* EXERCISE INSTRUCTIONS *
Nothing but the lines from the one containing "Three-door sideboard with" through the one containing "Apple iPhone 16", both included, should be given again, each exactly as written below.

DATA below:

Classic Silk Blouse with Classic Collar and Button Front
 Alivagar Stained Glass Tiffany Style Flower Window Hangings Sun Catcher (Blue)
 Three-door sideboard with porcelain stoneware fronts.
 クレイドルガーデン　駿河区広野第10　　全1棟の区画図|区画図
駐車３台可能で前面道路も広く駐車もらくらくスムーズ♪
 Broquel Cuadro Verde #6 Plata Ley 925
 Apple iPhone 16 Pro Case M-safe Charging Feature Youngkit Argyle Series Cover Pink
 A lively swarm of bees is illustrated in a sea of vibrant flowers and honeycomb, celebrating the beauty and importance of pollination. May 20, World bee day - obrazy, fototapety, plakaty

End of DATA.

* ANSWER BOX *
 Three-door sideboard with porcelain stoneware fronts.
 クレイドルガーデン　駿河区広野第10　　全1棟の区画図|区画図
駐車３台可能で前面道路も広く駐車もらくらくスムーズ♪
 Broquel Cuadro Verde #6 Plata Ley 925
 Apple iPhone 16 Pro Case M-safe Charging Feature Youngkit Argyle Series Cover Pink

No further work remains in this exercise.